The apical ligament is a short ligament, attaching the vertex of the dens to the anterior edge of the foramen magnum.

Tectorial Membrane

This membrane lies posteriorly to the alar and apical ligaments. It is divided into a medial segment and two lateral segments.

The medial segment runs from the anterior edge of the foramen magnum to the body of C2 where it continues to the posterior longitudinal ligament of the spine.

The lateral segments (left and right), connect C2 with the occipital condyles.

Atlanto-Occipital Membrane

This membrane is composed of two segments:

•Anterior segment: Connects the anterior arch of C1 with the anterior edge of the foramen magnum. Considered to be an extension of the anterior longitudinal ligament of the spine.

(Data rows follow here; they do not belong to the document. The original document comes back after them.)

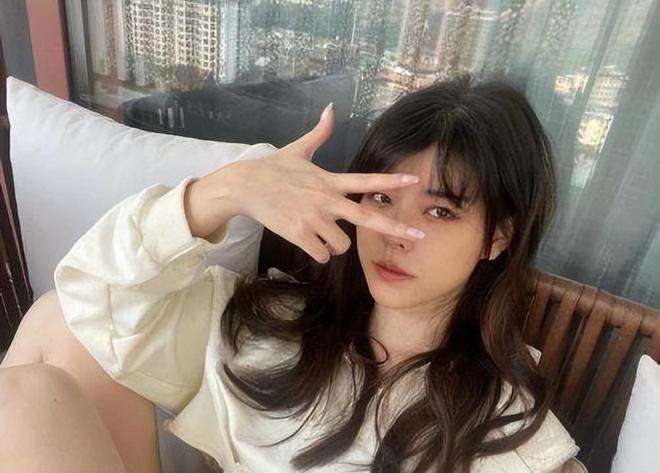 狂刷80万追到美女主播 同居后一个发现让他崩溃,美女主播脱单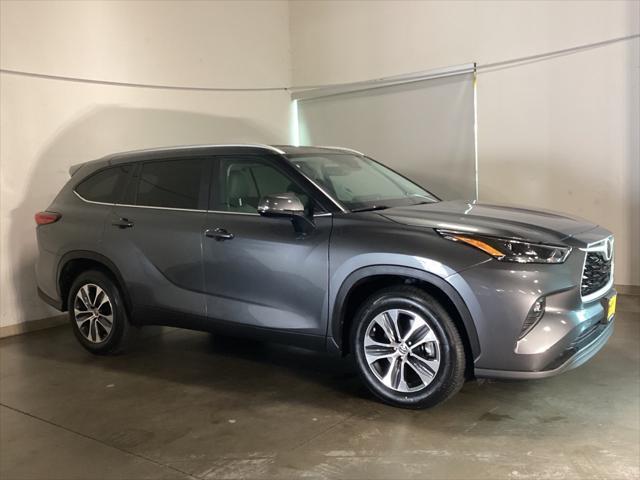 used 2023 Toyota Highlander car, priced at $36,698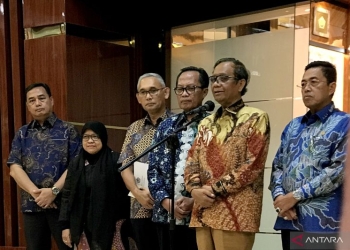 Menkopolhukam Mahfud MD (dua kanan) memberi keterangan kepada media terkait Rancangan Undang-Undang Perampasan Aset di Kantor Kemenko Polhukam, Jakarta, Jumat (14/4/2023). (Foto: Antara/Genta Tenri Mawangi)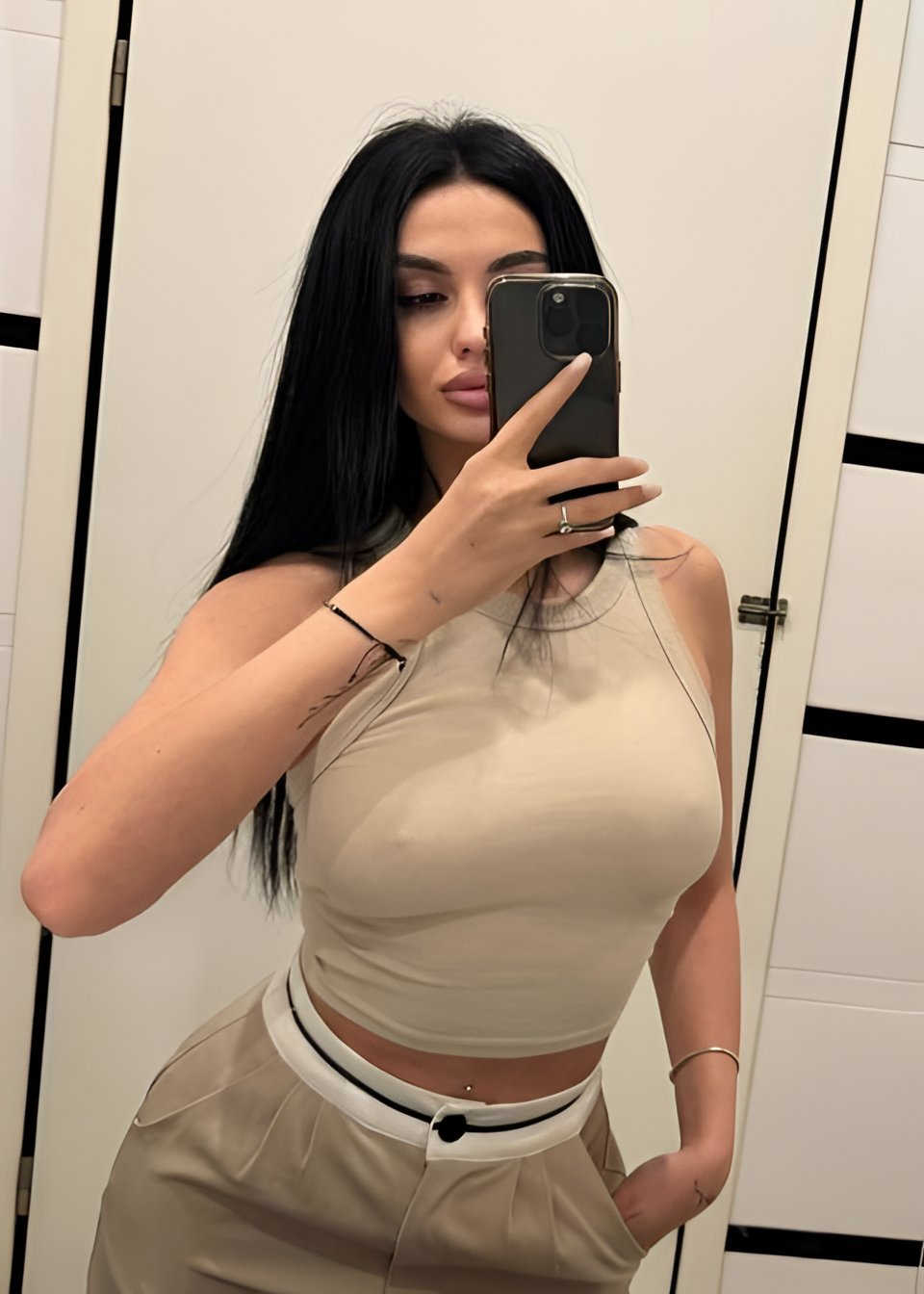 Арина привлекальеная девушка из Славяносербска цена от 8000 руб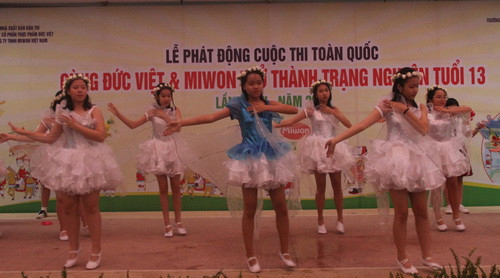 Học sinh Trường THCS Phan Chu Trinh biểu diễn văn nghệ chào mừng lễ phát động Cuộc thi. Ảnh: Sỹ Điền 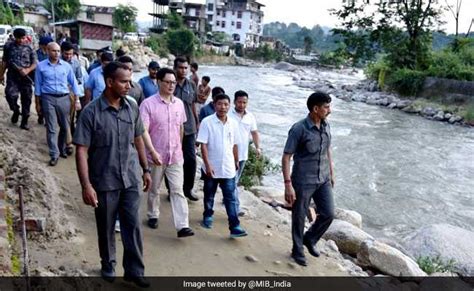 Kiren Rijiju Visits Arunachal Pradesh Landslide Victims, Promises Help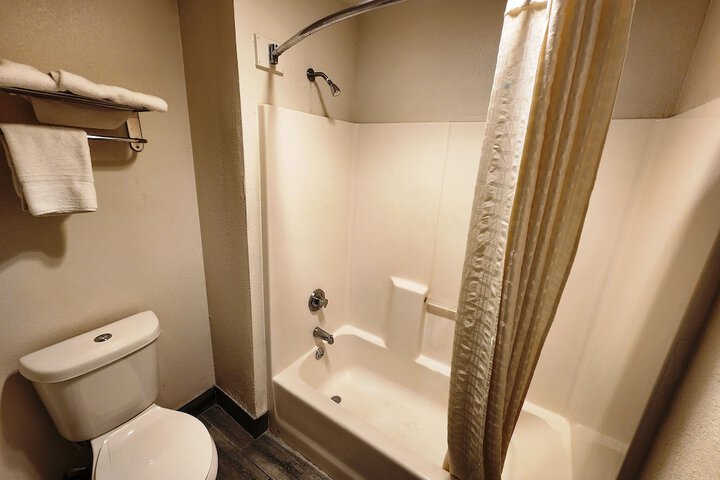 Room 16 of 28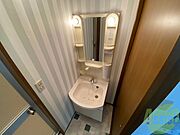 独立洗面台です。大きくてよいですね。シャンプーもできます！
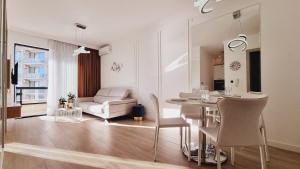 White Pearl, Casa Al Mare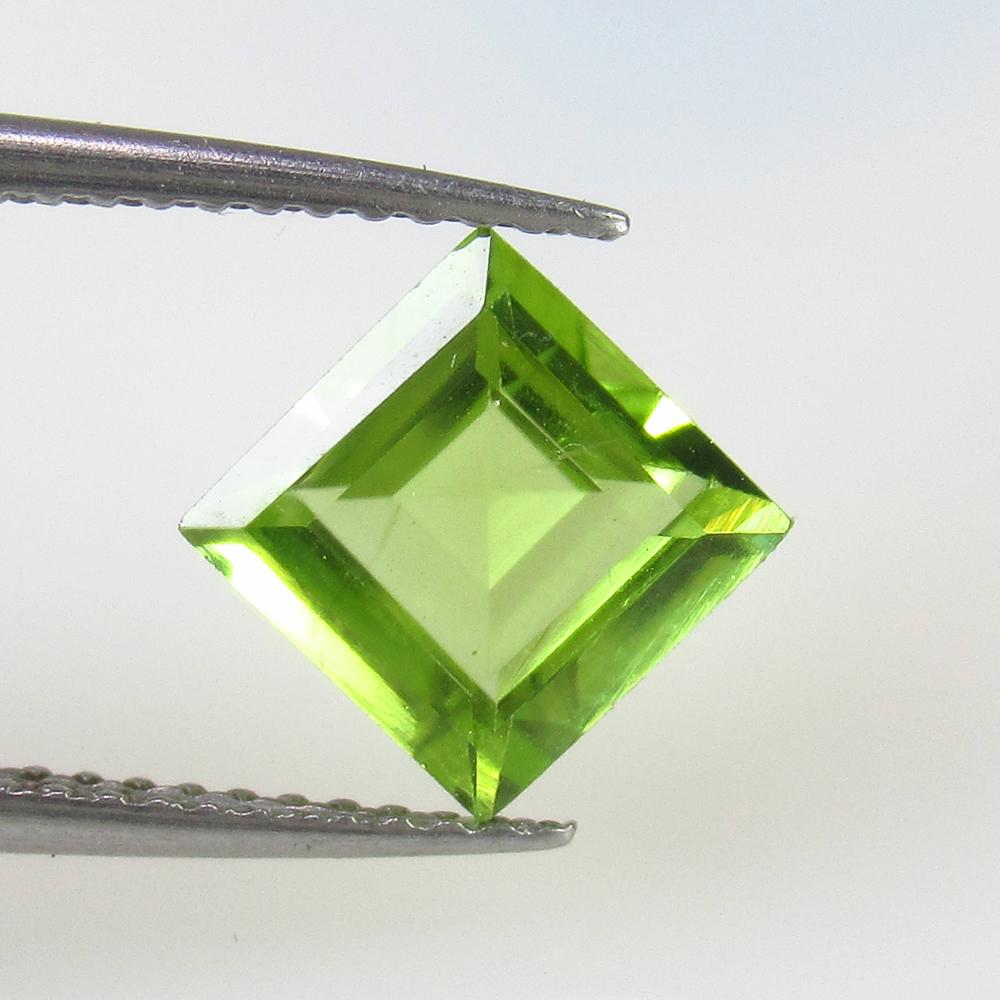 1.86 Ct Natural Pakistan Peridot Square Cut (1 of 2)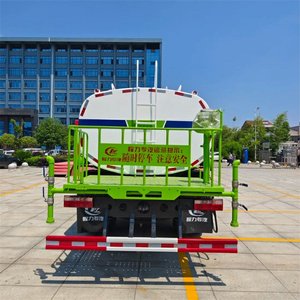 Camión Cisterna de Agua Dongfeng 4X2 de 12m³ a Precio Competitivo para Limpieza de Carreteras, Jardinería y Control de Polvo - Product Image 6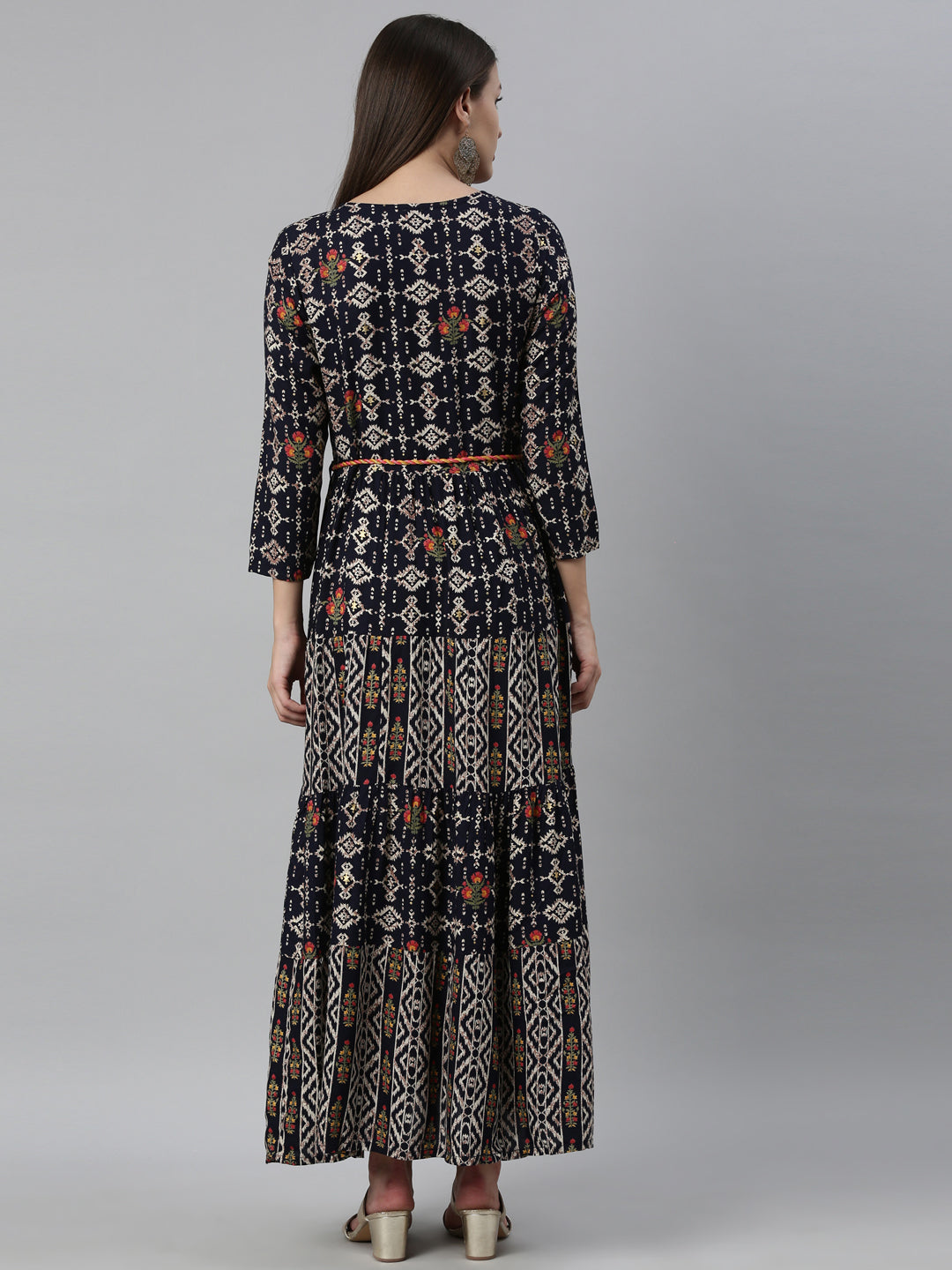 Neerus Blue rayon straight kurta - detail view 2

•Posterior segment: Connects the posterior arch of C1 to the posterior edge of the foramen magnum. The posterior atlantooccipital membrane is traversed by the vertebral arteries after they exit the transverse foramen to enter the cranium via the foramen magnum. It is also the equivalent of the ligamentum flavum for the remaining segments of the spine.

Posterior Longitudinal

Like its anterior counterpart, this ligament runs over the posterior surface of the ­vertebral bodies from the internal aspect of the basilar segment of the occipital bone to the coccyx.

Supraspinous Ligament

This is a thick fibrous band attached to the vertex of the spinous processes throughout the entire length of the spine. At the cervical segment, this ligament turns into the ligamentum nuchae.

Interspinous Ligament

Differing from the previously described ligaments, the interspinous ligament has a segmental distribution, joining the space between spinous processes. It attaches superiorly at the inferior border of the overlying spinous process and inferiorly at the underlying spinous process. Posteriorly it attaches to the supraspinous ligament, whereas anteriorly it attaches to the ligamentum flavum.

Ligamentum Flavum

This ligament has two segments (left and right). Each are thick, short, strong, and elastic. They attach superiorly at the anterior segment of the lamina and inferiorly over the superior border of the underlying lamina.

4.7.3  Common Ligaments Anterior Longitudinal

This ligament runs anteriorly to the vertebral bodies of the spine from the basilar portion of the occipital bone, to the anterior segment of the second vertebra of the sacrum. ( Fig. 4.29)

4.8  Vascular Anatomy

4.8.1  Arterial Anatomy

The vascular supply of the intracranial CNS components is from branches and anastomoses of the carotid and vertebral arteries ( Fig. 4.30).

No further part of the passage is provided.